How Asynchronous Concurrent Context Translations Work

HOME \| COMPANY \| SOFTWARE \| DOCUMENTATION \| EDUCATION & TRAINING \| SALES & SERVICE
"The Official Guide to Programming with OmniMark"	Site Map \| Search: OmniMark Magazine Developer's Forum
International Edition

OmniMark^® Programmer's Guide Version 3

18. How Asynchronous Concurrent Context Translations Work

Previous chapter is Chapter 17, "SGML Document and Subdocument Parsing".

Next chapter is Chapter 19, "Customizing OmniMark Behaviour".

This chapter uses a small but complex example to describe how OmniMark behaves when executing a complex context-translation.

The context-translation provides the most powerful mechanism for translating generalized text documents to SGML, and for translating generalized text documents to another form of generalized text document with the aid of a content model.

In a context translation, ELEMENT rules and FIND rules operate concurrently and asynchronously.
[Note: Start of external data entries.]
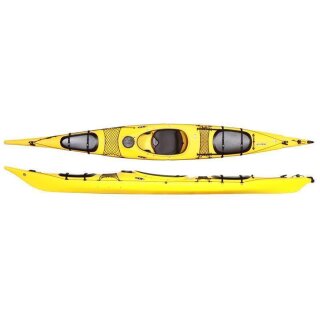 Seayak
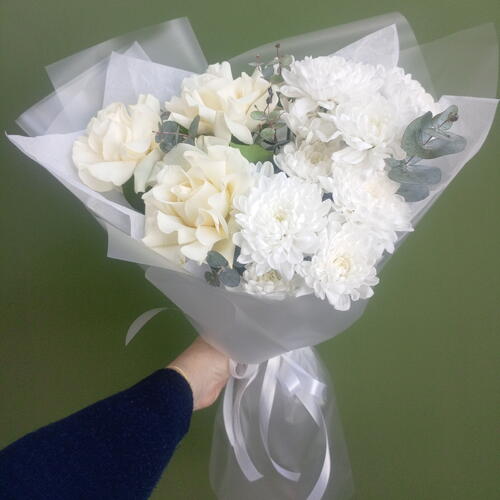 review-photo-before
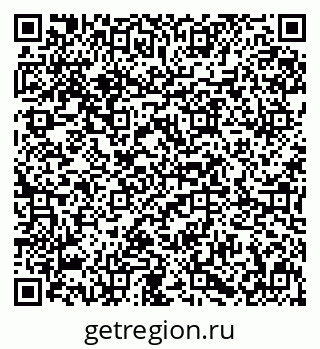 79631639980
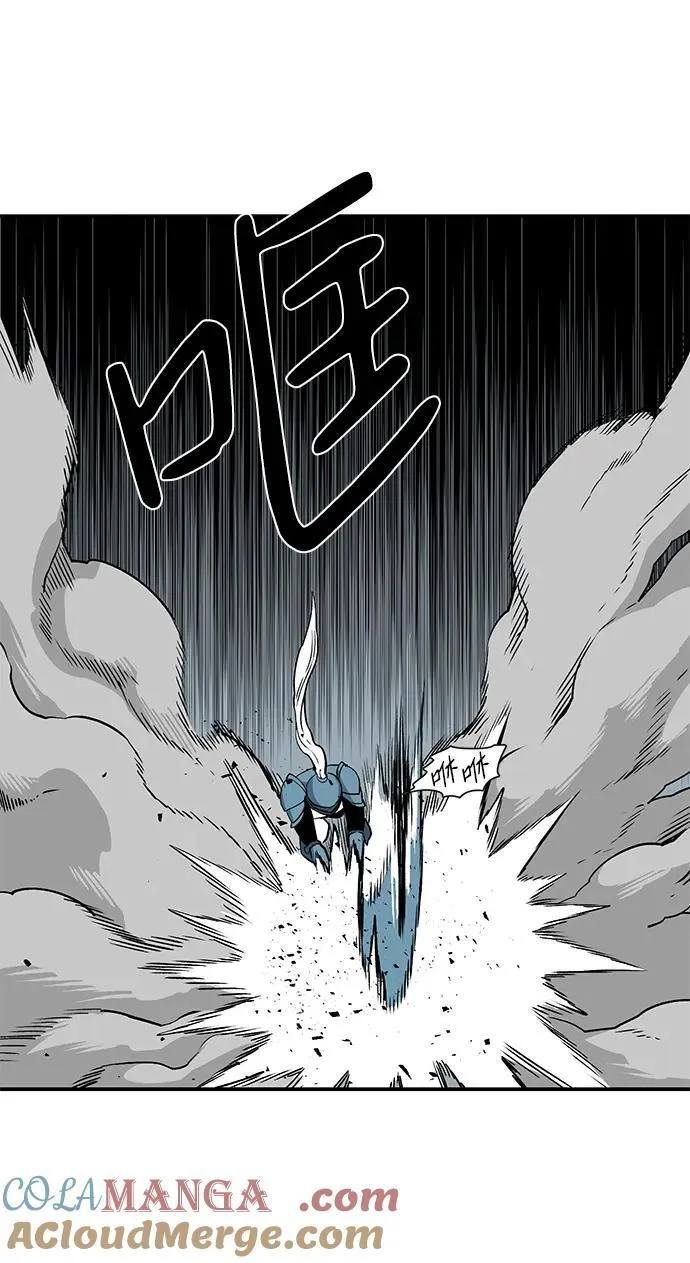 [第136话] 遇难者们（15） 第37页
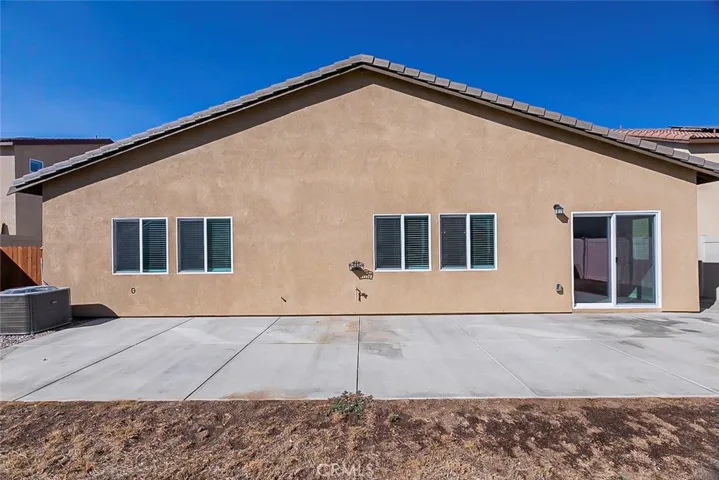 30943 Foxhollow Dr Drive, Winchester, California 92596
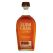 Elijah Craig Small Batch 47% Kentucky Straight Bourbon Whiskey 700mL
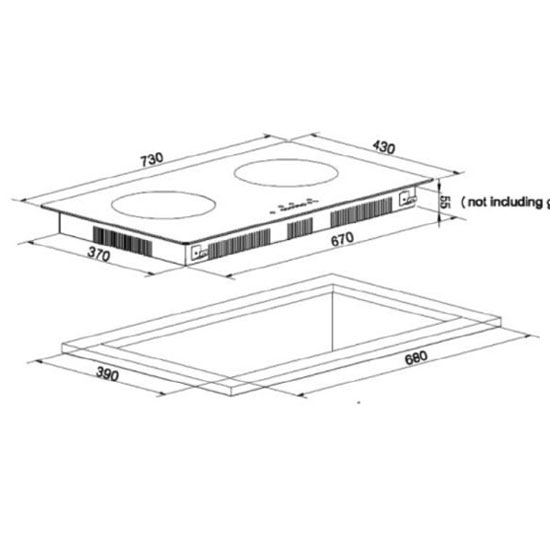 bep-tu-Grasso-GS-8588TL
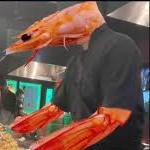 saxon1020 member profile picture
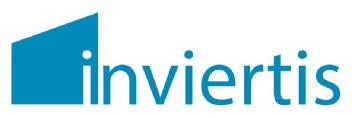 INVIERTIS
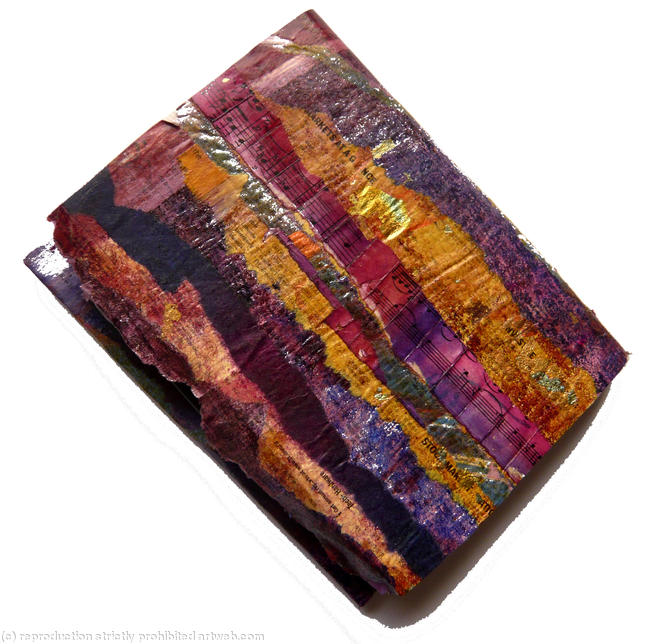 Kindle cover closed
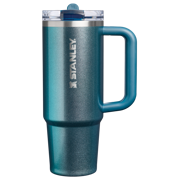 The Quencher ProTour Flip Straw Tumbler | 30 OZ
Complex interactions of OmniMark and the SGML parser make this possible. Each type of rules operates in what is referred to as a domain; the input processor and the output processor. Each domain can be thought of as being on either side of the internal SGML parser. The input processor is on the input side of the SGML parser and the output processor is on the output side of the SGML parser.

OmniMark selects rules and executes actions in one domain or the other at a time.
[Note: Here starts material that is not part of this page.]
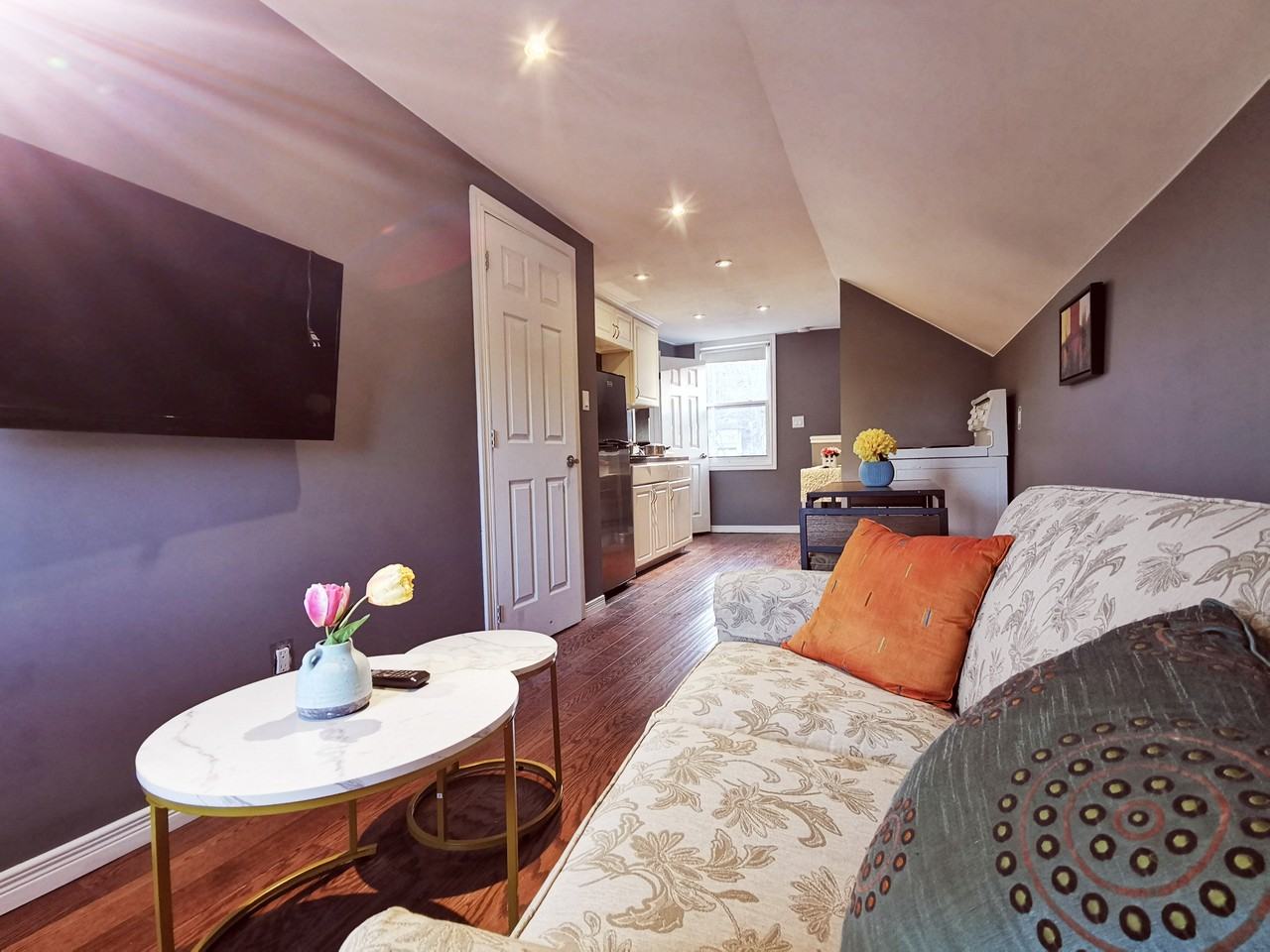 240 Forest Avenue #2 - Photo 4 of 17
The following example is designed to illustrate the interactions between the FIND rules and the ELEMENT rules. It is a complete OmniMark program and can be executed. As will be illustrated, OmniMark can switch domains several times during the execution of the actions of a single rule. From the point of view of the OmniMark programmer, the find and output processors are executing concurrently. The asynchronicity is determined by the information requirements, and information generation capability of the SGML parser.

The object of this OmniMark program is to move generalized text information "across" the SGML parser through buffers, from the FIND rule to the ELEMENT rules and vice versa. It is not a practical example in and of itself, but forms the model for existing commercial OmniMark applications.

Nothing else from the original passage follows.